Problem: The required output is all lines below that contain the word "Picture".

[Extracted data entries]
===

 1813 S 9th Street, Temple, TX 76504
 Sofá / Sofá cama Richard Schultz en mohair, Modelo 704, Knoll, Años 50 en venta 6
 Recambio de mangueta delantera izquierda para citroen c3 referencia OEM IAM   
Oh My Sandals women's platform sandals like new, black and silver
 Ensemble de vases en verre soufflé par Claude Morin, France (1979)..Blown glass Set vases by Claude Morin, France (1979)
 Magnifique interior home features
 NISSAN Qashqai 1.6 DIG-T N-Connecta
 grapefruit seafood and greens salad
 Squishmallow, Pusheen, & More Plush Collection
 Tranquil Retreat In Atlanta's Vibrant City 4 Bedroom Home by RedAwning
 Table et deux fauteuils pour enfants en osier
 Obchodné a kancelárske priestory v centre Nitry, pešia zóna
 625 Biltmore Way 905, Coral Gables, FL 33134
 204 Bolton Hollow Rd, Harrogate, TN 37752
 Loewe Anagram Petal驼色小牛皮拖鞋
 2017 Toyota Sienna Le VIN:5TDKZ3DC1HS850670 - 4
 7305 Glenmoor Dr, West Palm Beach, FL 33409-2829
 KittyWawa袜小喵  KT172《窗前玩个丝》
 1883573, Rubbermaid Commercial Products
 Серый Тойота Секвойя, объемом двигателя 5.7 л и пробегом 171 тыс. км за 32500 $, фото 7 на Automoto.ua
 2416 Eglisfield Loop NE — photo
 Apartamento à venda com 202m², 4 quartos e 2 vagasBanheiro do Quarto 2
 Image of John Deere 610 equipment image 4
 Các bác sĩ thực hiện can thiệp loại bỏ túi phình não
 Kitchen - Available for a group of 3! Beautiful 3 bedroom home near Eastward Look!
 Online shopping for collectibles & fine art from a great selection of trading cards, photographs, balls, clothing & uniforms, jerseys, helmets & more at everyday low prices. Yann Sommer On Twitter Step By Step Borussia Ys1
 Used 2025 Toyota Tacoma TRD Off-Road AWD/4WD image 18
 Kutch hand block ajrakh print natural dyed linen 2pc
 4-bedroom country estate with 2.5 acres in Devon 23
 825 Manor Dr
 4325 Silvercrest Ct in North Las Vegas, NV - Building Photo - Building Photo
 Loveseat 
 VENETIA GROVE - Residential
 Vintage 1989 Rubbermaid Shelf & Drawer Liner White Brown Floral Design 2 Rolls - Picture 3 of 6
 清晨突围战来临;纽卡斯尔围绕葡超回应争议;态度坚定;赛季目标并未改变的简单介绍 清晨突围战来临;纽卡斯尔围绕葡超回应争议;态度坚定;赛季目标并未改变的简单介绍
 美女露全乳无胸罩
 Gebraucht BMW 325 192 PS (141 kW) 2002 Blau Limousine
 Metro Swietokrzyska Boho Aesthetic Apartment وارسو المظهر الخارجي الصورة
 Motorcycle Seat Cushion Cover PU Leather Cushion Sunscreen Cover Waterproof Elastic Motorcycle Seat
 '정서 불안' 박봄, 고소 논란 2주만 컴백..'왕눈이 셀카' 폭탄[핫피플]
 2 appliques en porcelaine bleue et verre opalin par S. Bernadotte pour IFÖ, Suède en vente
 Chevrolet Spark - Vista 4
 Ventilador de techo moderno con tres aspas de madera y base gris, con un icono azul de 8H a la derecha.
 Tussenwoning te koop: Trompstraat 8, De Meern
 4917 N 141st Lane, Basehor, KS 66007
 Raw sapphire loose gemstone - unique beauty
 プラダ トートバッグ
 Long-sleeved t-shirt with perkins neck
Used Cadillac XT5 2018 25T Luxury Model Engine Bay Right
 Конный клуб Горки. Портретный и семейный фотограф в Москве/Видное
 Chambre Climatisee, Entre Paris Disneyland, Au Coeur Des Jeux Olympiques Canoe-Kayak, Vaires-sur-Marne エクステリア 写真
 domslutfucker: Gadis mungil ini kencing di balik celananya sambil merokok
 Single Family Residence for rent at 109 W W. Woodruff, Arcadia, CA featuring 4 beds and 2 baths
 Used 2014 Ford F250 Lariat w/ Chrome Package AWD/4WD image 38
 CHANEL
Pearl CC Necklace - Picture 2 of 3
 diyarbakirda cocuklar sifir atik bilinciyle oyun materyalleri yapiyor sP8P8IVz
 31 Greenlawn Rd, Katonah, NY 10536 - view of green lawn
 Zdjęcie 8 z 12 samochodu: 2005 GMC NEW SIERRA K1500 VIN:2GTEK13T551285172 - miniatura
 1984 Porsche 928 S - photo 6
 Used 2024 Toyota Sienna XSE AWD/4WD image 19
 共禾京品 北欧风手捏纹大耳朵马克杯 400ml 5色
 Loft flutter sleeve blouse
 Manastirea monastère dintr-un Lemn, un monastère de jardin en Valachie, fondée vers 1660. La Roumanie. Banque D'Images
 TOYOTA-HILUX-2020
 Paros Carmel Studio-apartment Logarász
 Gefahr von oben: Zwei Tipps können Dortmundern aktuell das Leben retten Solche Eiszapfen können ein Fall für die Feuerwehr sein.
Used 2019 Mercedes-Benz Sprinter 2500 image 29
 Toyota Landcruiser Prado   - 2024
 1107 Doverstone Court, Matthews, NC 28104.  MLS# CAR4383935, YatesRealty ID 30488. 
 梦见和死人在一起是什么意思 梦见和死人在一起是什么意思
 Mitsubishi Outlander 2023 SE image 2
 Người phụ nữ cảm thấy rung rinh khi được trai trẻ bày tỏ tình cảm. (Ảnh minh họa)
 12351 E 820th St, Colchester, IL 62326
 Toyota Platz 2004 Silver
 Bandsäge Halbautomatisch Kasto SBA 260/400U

===

Task output:
 Vintage 1989 Rubbermaid Shelf & Drawer Liner White Brown Floral Design 2 Rolls - Picture 3 of 6
Pearl CC Necklace - Picture 2 of 3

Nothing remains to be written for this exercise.